Toda persona necesita saber, como ya lo hemos señalado, que su valoración no proviene únicamente de su productividad laboral, por muy importante que sea su ejercicio profesional para toda empresa. En esta materia es relevante no confundirse. La dignidad de la naturaleza humana no se origina en el actuar, sino esencialmente en el ser. Y esta verdad irrefutable necesitamos comunicarla y transferirla como una directriz profunda de enseñanza educativa.
La Educación Superior Técnico Profesional, cuyos perfiles de egreso nos indican que forma hacia el trabajo, no debe olvidar que si bien transfiere competencias duras indispensables para el saber hacer, debe enseñar también valores y actitudes que, integrados con las competencias específicas de la disciplina o técnica, presentan a la sociedad personas que entienden que trabajan con un sentido profundo, buscando no solo el propio desarrollo y proyección, y la de la organización donde trabajan, sino también el bien común.
La calidad de vida como ciudadanos, que es una legítima aspiración humana, se puede lograr en la medida en que educamos más allá de una enseñanza técnica específica. Formamos personas para vivir en el mundo, sin parcelas delimitadas y restringidas, sino para todos los ámbitos de la existencia humana. En esta tarea, todo docente podría tener como ideal ir más allá de la formación, para aspirar a la educación más integral del ser humano. En tal sentido, no solo debería instruir para un desempeño sobresaliente en las tareas concretas y específicas, sino educar, en la medida de lo posible, para la integralidad de hechos, valores y sentimientos que se manifiestan o pueden manifestarse en los diferentes momentos laborales.

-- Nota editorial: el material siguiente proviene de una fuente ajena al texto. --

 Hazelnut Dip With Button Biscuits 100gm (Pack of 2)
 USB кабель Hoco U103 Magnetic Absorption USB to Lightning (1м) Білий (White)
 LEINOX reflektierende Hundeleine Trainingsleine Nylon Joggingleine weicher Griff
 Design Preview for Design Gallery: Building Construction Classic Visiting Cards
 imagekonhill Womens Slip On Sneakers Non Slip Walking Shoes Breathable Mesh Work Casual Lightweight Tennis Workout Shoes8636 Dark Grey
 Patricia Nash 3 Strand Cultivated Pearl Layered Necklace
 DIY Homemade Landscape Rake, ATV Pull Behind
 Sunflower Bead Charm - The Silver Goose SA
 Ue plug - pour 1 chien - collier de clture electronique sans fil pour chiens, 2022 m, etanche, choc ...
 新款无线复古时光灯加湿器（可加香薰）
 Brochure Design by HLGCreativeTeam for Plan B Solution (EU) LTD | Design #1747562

Hoy, en que estamos bajo la presión de ser productivos y de que nuestra valoración o reconocimiento se reduzca a nuestro aporte material a los índices macro y microeconómicos o financieros, es indispensable no convertir esta necesidad de aportar materialmente en un único fin, ni siquiera en un fin en sí mismo. Debemos destacar la importancia del esfuerzo, del trabajo honesto, de la generosidad, de la alegría para enfrentar las dificultades, de la actitud positiva y proactiva, y, por supuesto, de la contribución al bien común en general.

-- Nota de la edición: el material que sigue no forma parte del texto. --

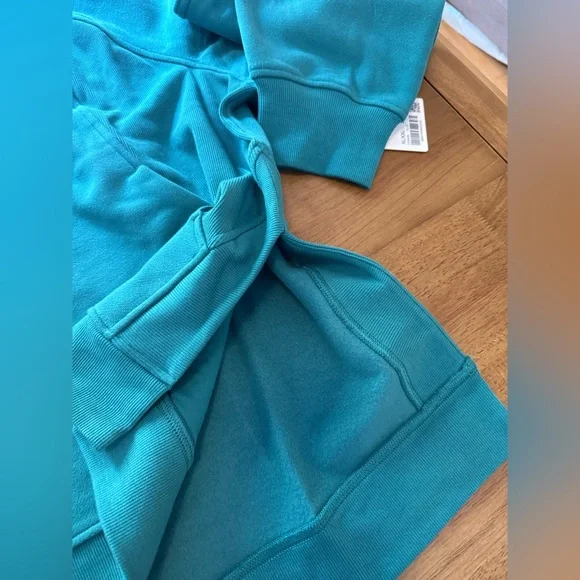 NWT Lululemon Scuba Oversized Side-Slit Hoodie – Teal Lagoon – Size XL/XXL - Picture 10 of 12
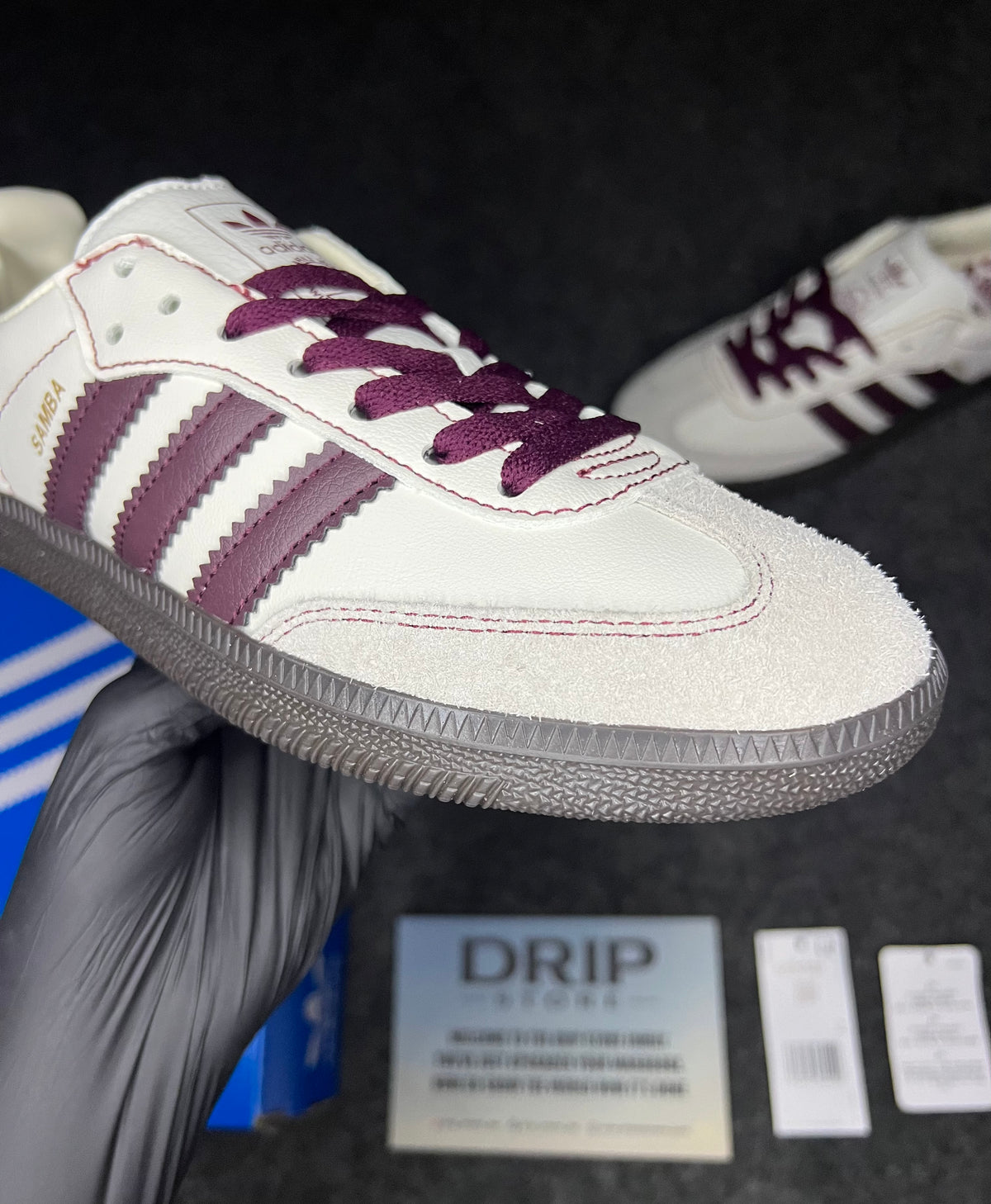 Adidas Samba OG "Wonder White Maroon"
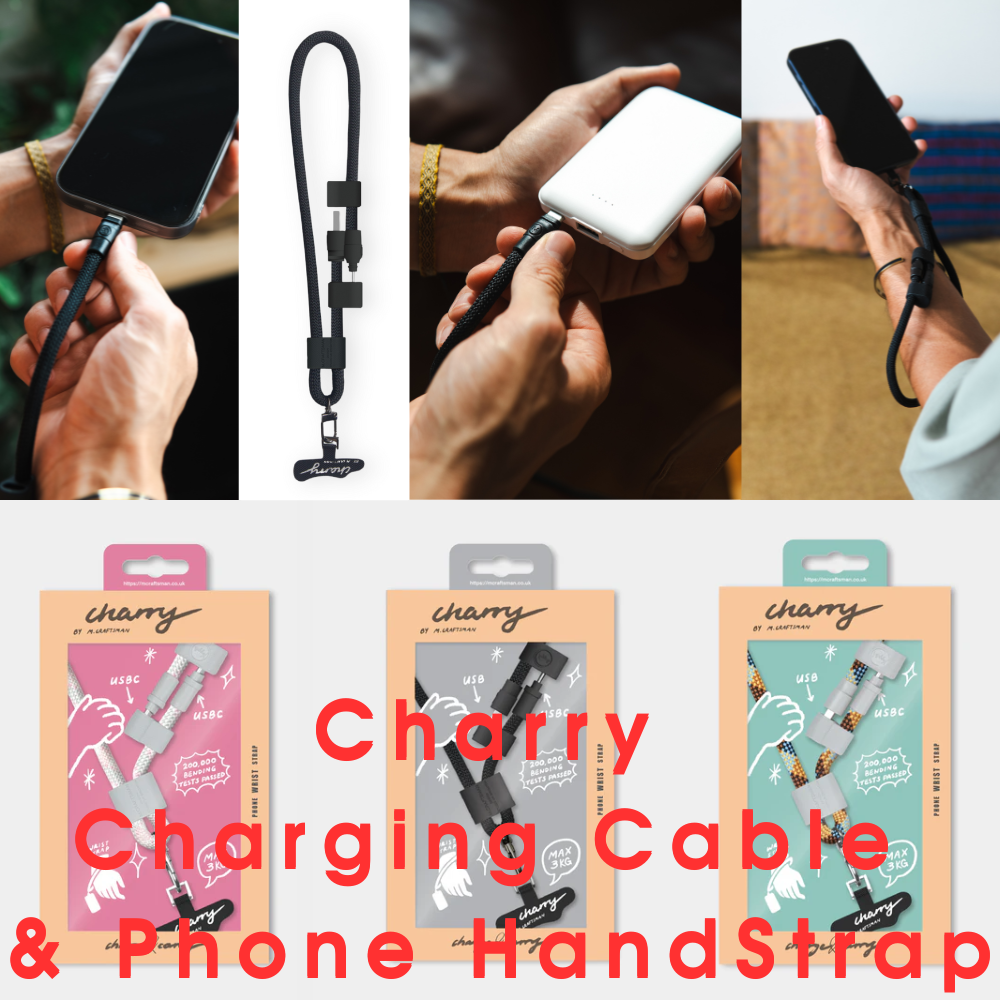 M.Craftsman エムクラフトマン Charry Hand チャーリー ハンド 充電ケーブル内蔵 ストラップ ストラップカード S+SC ストラップ付属 手首 カラビナ ハンドストラップ ハンズフリー おしゃれ かわいい かっこいい スマホショルダー ガジェット 便利グッズ タイプC area-10008060 エアリアダイレクト楽天市場店 サンプル画像3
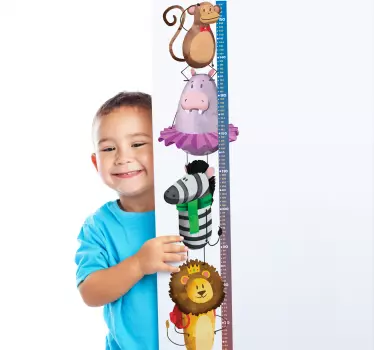 Naljepnica tablice visine safari za dojenčad - TenStickers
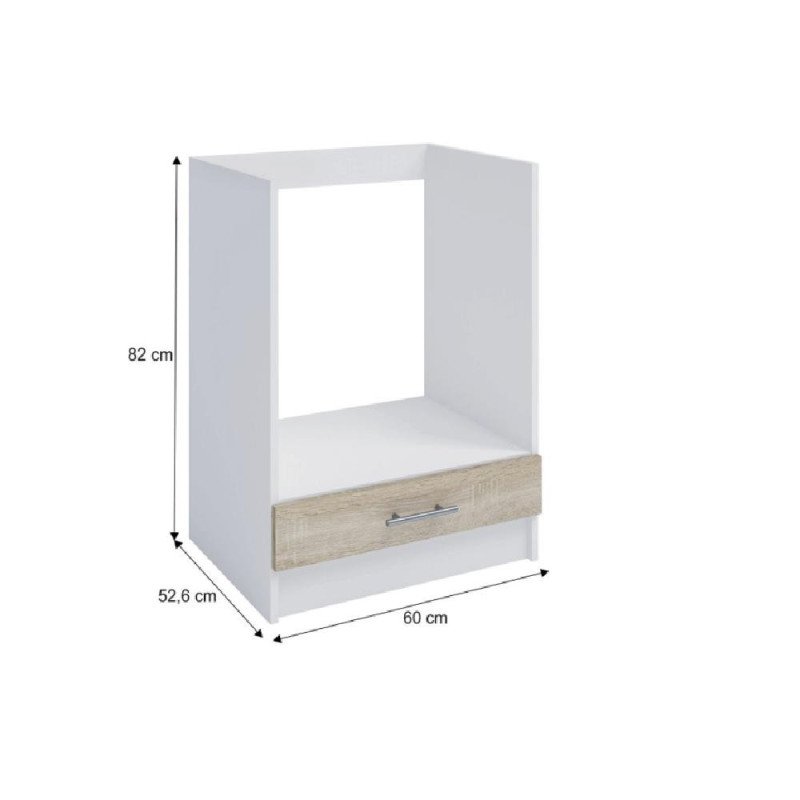 Kondela Dolná skrinka, dub sonoma/biela, FABIANA S - 60KU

La encíclica Gaudium et Spes, promulgada por el Papa Pablo VI en 1965, nos brinda luces profundas sobre la espiritualidad del trabajo: “La actividad humana, así como procede del hombre, así también se ordena al hombre. Pues éste, con su acción, no solo transforma las cosas y la sociedad, sino que se perfecciona a sí mismo. Aprende mucho, cultiva sus facultades, se supera y trasciende. Tal superación, rectamente entendida, es más importante que las riquezas exteriores que pueden acumularse… Por tanto, ésta es la norma de la actividad humana que, de acuerdo con los designios y voluntad divinos, sea conforme al auténtico bien del género humano y permita al hombre, como individuo y miembro de la sociedad, cultivar y realizar íntegramente su plena vocación” (GS 35).
El trabajo no solo vale por su productividad material, sino también porque a través de él logramos desarrollarnos, superarnos, participar en el mundo, tener dignidad y, finalmente, todo esto se sintetiza en la posibilidad cierta de ser personas integrales, plenamente abiertas a la trascendencia, a Cristo. Este es un desafío educativo fundamental para Duoc UC.
Soraya Antillanca
Hola, leyendo desde Villarrica. Agradezco este espacio de reflexión y la calidad de la escritura. Es bueno recordar cuál es el verdadero foco de lo que con pasión y alegría hacemos como profesionales.